Once we managed to navigate ourselves out of the labyrinthine streets of Florence in a rental car, we intrepidly sailed off into the Tuscan countryside. Our first port of call was with Giorgio Mori at the Toscana Enologica Mori offices and we were generously whisked off to witness a top olive oil producer and scientist in the field, making his own oil whilst conducting cutting edge experiments on the finished product! Professor Alessandro Parenti (published at various online sites including, www.researchgate.net, www.agroengineering.org and www.unifi.it) was in the middle of testing oil, as it came out of the press, to see how much oxygen was trapped in suspension. Industriously, his assistants were then pumping Nitrogen through the oil as it was being filtered and then retesting the same oil to see how much oxygen had been successfully removed. Not a great chemist myself, he explained the principles to us very simply: oxygen makes oil oxidize which makes it rancid and therefore taste remarkably much like an old dustbin bag. Oxygen comes into contact with olive oil in two main ways; one is with the surface area of the oil and the other is by oxygen trapped in the oil during the pressing process (this type of contact with oil is the most damaging to its shelf-life). One of the techniques producers use to minimize contact with the air is to cover the oil with a nitrogen blanket when storing in stainless steel tanks (before bottling). His goal was to see how efficient nitrogen would be at bonding with the oxygen molecules suspended in the oil and then bubbling them up and out into the air, instead of just blanketing the surface with it. Unfortunately, the bubbles of nitrogen bond with some aromatic compounds too and thus the process removes some of the flavour along with the oxygen. It was this conundrum that was being addressed when we arrived. Nevertheless, it was sensational to witness a part-press-part-laboratory in the process of getting closer to the olive oil makers’ holy grail: a full-flavoured extra virgin olive oil that is safe from oxidisation!

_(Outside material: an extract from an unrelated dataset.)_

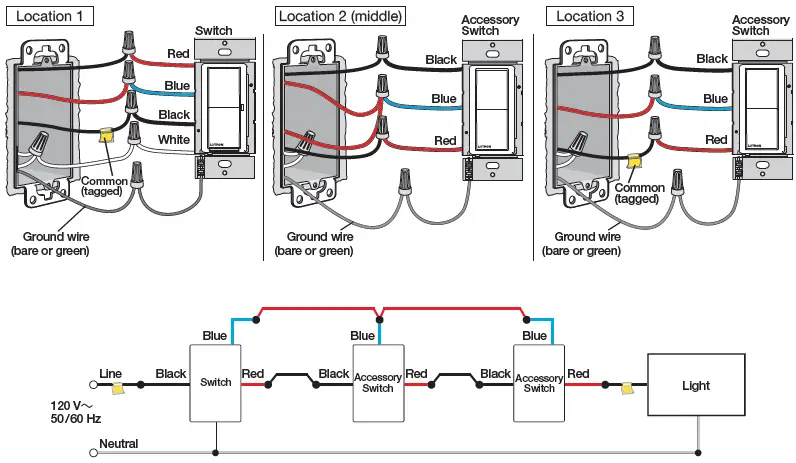 LUTRON-Claro-Smart-Switch-for-Caseta-Smart-Lighting-FIG-5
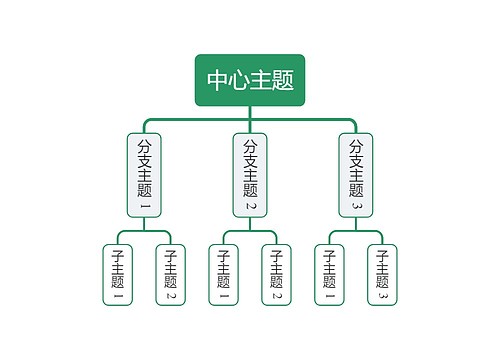 简约绿色组织架构图主题模板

We stepped outside into the crisp Tuscan dusk, where we were both offered a taster of a very special Frantoio and Lechino oil Prof Parenti had made two weeks earlier: it was pungent yet light and had playful green, vegetative notes with an effortless balance on the palate. The best part about it, however, was the reverence with which the tasting ritual was treated. The human expertise and industry committed to pressing oil with integrity is tireless and somewhat frenetic, but when the gold-tinged emerald juice was poured into a cup, the energy changed immediately. It was as if we were in the eye of a storm and everyone seemed to understand that the tasting of oil required a certain degree of quiet concentration, sensorial clarity and undistracted analysis. Just for a moment, we slurped and were still. There was silence as the artichokes burst through the pores on my tongue and then were instantly tingling with the crisp and coy chives, followed by an almost imperceptible warming of liquid almond washing down my throat and ending in a grand burst of heat and pepper. And then, we could all hear the press droning and the workers chatting: the tasting session had come to an end and the bustling sense of urgency was, once more, restored!

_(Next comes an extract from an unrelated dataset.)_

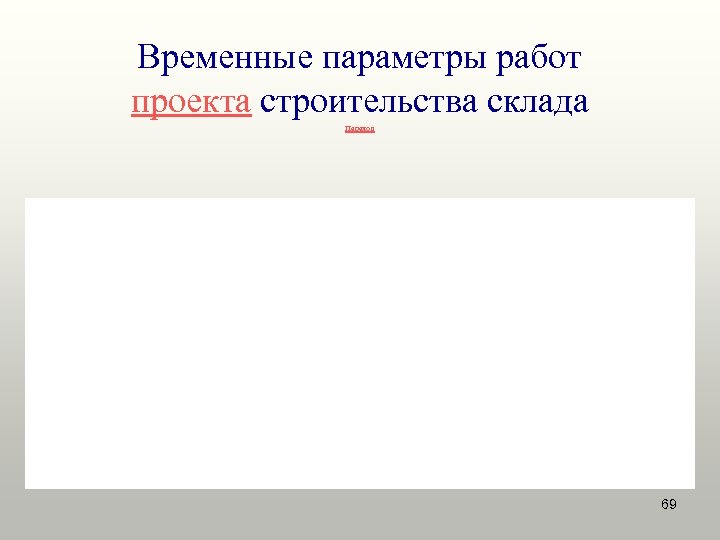 Временные параметры работ проекта строительства склада Переход 69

The Mori’s treated us to a seafood feast for lunch the following day, but first we tasted several of Italy’s top oils, many of which would not be appropriate with the delicate and sweet oceanic fare on the way: From raw pine-nutty nochellara oils to the unmistakable dandelion and green tomato characteristics of the tonda iblea; to blends that evoked green bananas, the smell of honey and the bitter tannin of hazelnut skins on the palate; and blends of frantoio and lechino bursting with chicory and watercress that exploded with green chili piquancy into your brain and sent endorphins rippling in waves through your scalp and down your back. Tasting the oils acted as both a conversation starter and piqued our appetites like no aperitif could (or should, especially not at midday)! Soon we were fully immersed in yet another multi-course, Florentine festival of delicacies, fresh bottles of olive oil in-hand.

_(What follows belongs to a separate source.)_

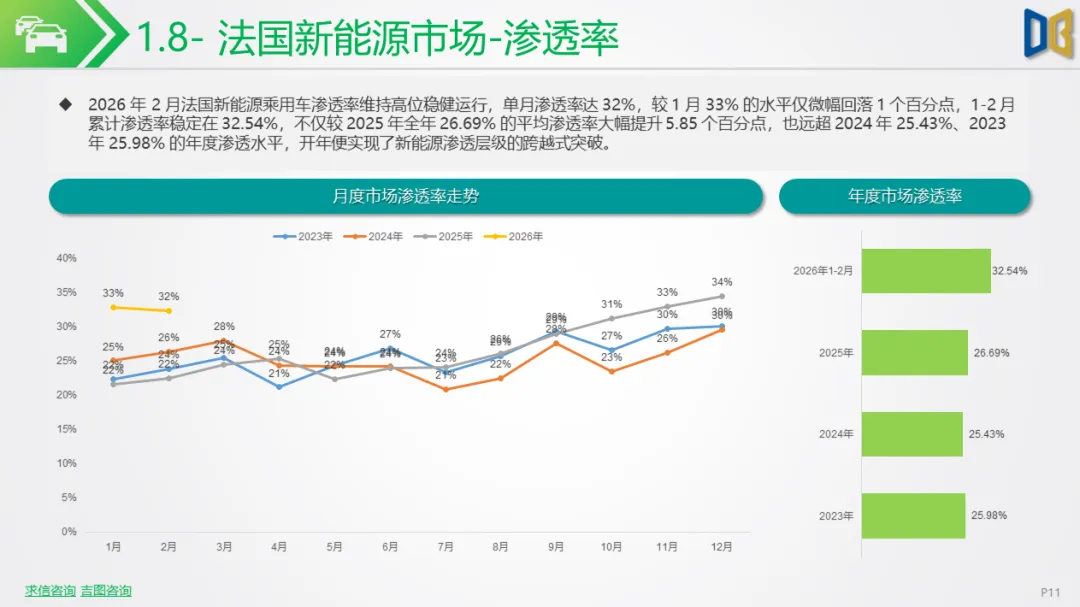 新能源车行业市场跟踪报告【202602期】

We were also privileged enough to eat lunch at a Michelin star restaurant in Badia di Passignano, called Osteria di Passignano, where we were totally blown away by the subtly brilliant use of extra virgin olive oils in every one of our courses – whether in natural fluid form, gel, emulsion, foam or dust. We were delighted even further to meet the Head Chef, Matia Barciulli, who expressed his passion for extra virgin olive oil and his commitment to educating diners and foodies about how to pair oil with food, with the same level of care and precision that is lavished on wine. We couldn’t agree more!